• [WHAT THE TASK REQUIRES]
Lift out, unaltered, the lines of the material below between the line holding "Erreke Schneidebrett aus" and the line holding "Starlight Indian Style Spiral Earrings", counting both.

• [MATERIAL FOR THIS EXERCISE]
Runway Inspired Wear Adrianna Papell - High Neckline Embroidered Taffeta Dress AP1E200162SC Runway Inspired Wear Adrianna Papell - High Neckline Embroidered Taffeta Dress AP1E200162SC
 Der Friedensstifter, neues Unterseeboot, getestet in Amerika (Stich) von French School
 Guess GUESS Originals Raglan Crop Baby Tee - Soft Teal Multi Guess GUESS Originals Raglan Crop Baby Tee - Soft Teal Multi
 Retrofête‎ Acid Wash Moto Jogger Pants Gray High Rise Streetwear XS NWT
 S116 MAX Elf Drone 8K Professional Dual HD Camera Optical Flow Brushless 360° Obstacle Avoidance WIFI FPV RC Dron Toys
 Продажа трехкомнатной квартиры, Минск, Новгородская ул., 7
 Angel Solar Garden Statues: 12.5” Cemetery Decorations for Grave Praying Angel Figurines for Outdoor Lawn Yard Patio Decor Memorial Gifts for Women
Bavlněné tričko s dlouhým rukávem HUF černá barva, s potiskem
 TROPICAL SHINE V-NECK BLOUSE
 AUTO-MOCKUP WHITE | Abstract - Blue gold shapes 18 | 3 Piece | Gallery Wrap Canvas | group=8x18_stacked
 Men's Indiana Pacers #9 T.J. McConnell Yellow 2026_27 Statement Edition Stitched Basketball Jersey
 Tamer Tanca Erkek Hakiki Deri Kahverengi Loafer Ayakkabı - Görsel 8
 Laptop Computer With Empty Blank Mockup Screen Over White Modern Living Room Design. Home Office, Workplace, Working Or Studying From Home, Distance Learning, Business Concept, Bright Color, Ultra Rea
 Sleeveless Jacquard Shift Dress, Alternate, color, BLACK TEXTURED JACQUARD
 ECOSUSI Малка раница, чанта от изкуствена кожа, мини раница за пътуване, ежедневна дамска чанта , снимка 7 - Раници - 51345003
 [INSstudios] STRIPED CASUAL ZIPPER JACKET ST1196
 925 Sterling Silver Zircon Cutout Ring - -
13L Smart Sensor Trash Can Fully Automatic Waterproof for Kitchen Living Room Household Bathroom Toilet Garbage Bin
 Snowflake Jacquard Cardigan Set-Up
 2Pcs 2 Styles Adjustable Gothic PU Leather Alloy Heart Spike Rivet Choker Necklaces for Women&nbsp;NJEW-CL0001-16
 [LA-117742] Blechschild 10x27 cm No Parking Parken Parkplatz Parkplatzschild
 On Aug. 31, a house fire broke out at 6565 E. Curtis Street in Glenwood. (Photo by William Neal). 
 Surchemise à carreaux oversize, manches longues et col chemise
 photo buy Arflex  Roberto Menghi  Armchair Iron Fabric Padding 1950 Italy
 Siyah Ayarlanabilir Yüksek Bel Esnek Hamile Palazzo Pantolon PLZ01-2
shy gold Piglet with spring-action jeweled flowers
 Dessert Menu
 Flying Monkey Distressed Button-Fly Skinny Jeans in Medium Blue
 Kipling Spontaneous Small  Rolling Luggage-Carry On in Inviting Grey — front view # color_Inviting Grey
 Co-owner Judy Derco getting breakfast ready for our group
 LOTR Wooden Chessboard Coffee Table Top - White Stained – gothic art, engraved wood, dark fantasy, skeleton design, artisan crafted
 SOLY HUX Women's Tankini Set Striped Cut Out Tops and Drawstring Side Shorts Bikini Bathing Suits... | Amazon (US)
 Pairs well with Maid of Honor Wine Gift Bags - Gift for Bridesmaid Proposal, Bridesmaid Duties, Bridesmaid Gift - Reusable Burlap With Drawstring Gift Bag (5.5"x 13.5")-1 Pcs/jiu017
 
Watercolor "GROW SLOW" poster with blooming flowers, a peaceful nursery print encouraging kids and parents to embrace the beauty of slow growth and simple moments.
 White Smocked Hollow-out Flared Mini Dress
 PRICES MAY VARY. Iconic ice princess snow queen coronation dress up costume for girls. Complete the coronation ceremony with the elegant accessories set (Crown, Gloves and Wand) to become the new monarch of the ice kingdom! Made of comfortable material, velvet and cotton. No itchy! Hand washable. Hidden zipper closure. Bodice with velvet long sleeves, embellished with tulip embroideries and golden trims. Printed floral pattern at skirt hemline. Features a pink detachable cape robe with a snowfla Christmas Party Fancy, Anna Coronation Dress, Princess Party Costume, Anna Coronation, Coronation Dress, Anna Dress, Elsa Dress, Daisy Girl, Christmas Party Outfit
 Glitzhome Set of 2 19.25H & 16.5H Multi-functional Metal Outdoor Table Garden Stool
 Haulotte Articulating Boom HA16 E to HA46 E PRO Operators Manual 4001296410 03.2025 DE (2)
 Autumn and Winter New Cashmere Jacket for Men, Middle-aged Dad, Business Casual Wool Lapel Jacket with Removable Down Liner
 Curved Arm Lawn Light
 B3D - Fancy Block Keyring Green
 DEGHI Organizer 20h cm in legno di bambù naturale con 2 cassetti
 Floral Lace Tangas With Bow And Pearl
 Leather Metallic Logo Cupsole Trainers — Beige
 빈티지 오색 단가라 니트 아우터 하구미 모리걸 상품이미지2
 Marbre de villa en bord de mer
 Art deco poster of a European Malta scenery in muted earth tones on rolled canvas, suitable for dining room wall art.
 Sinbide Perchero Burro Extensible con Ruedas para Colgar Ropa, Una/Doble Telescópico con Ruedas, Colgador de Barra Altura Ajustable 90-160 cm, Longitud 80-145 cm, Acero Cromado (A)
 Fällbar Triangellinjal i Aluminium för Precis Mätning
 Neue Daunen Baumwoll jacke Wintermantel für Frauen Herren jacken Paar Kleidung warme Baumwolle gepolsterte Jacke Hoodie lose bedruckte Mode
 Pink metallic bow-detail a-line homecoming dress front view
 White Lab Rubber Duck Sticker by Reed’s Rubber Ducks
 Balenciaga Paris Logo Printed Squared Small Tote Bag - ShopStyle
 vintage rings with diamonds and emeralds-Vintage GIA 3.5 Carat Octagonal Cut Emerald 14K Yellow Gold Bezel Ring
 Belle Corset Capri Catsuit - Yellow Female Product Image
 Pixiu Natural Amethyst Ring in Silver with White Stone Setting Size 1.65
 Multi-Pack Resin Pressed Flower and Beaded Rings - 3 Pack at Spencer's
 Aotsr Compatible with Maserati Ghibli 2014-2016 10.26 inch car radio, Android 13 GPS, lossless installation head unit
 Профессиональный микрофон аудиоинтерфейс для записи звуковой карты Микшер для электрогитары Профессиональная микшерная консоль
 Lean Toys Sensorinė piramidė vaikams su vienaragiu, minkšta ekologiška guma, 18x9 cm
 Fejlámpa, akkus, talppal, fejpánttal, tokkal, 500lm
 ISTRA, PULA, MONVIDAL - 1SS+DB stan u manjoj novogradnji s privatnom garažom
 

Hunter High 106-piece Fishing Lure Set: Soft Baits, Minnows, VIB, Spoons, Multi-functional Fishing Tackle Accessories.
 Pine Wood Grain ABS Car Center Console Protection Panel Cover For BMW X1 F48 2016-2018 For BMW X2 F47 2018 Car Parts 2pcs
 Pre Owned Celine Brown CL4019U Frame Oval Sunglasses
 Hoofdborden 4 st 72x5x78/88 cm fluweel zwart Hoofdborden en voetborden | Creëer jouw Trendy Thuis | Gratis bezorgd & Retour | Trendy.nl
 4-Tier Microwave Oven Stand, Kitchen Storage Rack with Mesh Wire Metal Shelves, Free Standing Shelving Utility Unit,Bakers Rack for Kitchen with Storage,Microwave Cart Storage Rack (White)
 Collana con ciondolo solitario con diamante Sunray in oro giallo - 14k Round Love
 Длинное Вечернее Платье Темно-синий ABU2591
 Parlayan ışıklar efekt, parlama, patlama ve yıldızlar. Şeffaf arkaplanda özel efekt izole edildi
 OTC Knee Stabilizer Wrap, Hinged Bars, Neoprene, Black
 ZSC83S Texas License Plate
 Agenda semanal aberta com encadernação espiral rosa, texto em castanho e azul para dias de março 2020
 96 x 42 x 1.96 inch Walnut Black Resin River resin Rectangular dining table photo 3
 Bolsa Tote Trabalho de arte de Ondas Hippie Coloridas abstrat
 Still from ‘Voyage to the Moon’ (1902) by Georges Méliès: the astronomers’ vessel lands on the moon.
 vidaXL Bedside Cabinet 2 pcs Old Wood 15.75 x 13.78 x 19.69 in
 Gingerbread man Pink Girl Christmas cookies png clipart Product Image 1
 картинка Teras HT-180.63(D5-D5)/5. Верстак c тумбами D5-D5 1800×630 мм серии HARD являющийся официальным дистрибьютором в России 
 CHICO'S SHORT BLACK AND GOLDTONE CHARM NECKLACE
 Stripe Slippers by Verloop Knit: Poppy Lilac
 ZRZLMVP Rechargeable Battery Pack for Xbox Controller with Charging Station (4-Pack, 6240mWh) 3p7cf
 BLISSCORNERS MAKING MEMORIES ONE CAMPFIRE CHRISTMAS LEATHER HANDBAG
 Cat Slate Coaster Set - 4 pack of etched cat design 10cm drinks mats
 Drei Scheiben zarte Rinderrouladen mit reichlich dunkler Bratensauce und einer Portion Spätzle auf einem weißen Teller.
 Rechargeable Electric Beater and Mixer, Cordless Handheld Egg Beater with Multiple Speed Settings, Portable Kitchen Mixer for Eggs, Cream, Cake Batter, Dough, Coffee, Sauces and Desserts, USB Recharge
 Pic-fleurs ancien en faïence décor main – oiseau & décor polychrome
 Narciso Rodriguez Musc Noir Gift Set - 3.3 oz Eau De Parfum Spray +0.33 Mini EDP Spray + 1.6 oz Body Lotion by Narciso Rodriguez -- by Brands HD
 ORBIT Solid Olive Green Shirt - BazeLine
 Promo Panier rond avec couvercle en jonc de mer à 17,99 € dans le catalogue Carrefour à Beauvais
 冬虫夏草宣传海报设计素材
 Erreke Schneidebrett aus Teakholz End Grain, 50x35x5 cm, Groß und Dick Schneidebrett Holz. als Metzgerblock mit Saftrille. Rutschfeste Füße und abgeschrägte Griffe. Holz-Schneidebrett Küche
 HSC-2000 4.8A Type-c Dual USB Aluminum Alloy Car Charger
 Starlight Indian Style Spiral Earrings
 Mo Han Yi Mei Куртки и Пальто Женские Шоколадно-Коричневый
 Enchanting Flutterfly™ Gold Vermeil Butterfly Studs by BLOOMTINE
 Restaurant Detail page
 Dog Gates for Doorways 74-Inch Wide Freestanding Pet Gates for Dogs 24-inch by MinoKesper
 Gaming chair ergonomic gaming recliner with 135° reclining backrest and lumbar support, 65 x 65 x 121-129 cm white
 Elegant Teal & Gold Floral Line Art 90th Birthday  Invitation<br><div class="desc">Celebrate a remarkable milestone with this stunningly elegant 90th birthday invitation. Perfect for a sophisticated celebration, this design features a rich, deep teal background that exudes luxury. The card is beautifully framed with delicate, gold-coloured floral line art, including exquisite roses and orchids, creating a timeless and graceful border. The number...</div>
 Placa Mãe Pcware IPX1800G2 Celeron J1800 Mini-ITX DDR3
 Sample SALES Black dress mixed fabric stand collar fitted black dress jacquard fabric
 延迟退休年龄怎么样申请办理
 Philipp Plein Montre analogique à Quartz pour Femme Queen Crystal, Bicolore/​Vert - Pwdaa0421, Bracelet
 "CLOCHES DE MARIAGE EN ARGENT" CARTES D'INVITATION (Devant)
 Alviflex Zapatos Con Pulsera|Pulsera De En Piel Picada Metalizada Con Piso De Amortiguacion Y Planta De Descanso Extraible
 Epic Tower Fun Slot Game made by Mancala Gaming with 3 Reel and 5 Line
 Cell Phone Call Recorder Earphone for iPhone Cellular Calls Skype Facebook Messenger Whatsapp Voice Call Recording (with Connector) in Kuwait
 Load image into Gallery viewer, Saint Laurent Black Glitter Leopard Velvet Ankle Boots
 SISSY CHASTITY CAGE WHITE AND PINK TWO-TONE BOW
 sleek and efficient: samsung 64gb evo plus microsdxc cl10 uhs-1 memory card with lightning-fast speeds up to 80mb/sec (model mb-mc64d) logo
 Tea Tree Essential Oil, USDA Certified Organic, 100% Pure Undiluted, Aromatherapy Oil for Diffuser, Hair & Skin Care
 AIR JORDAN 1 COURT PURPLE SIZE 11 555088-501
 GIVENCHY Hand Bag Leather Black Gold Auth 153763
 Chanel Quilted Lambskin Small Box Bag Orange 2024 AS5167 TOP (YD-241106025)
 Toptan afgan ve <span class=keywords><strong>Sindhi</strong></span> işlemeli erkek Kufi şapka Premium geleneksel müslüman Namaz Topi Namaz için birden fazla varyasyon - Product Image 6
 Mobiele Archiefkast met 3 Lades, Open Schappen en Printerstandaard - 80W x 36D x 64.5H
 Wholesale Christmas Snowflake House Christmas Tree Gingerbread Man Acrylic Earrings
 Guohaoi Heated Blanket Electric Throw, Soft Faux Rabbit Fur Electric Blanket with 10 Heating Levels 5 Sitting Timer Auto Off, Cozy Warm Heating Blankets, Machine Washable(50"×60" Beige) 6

• [WRITTEN ANSWER]
 Erreke Schneidebrett aus Teakholz End Grain, 50x35x5 cm, Groß und Dick Schneidebrett Holz. als Metzgerblock mit Saftrille. Rutschfeste Füße und abgeschrägte Griffe. Holz-Schneidebrett Küche
 HSC-2000 4.8A Type-c Dual USB Aluminum Alloy Car Charger
 Starlight Indian Style Spiral Earrings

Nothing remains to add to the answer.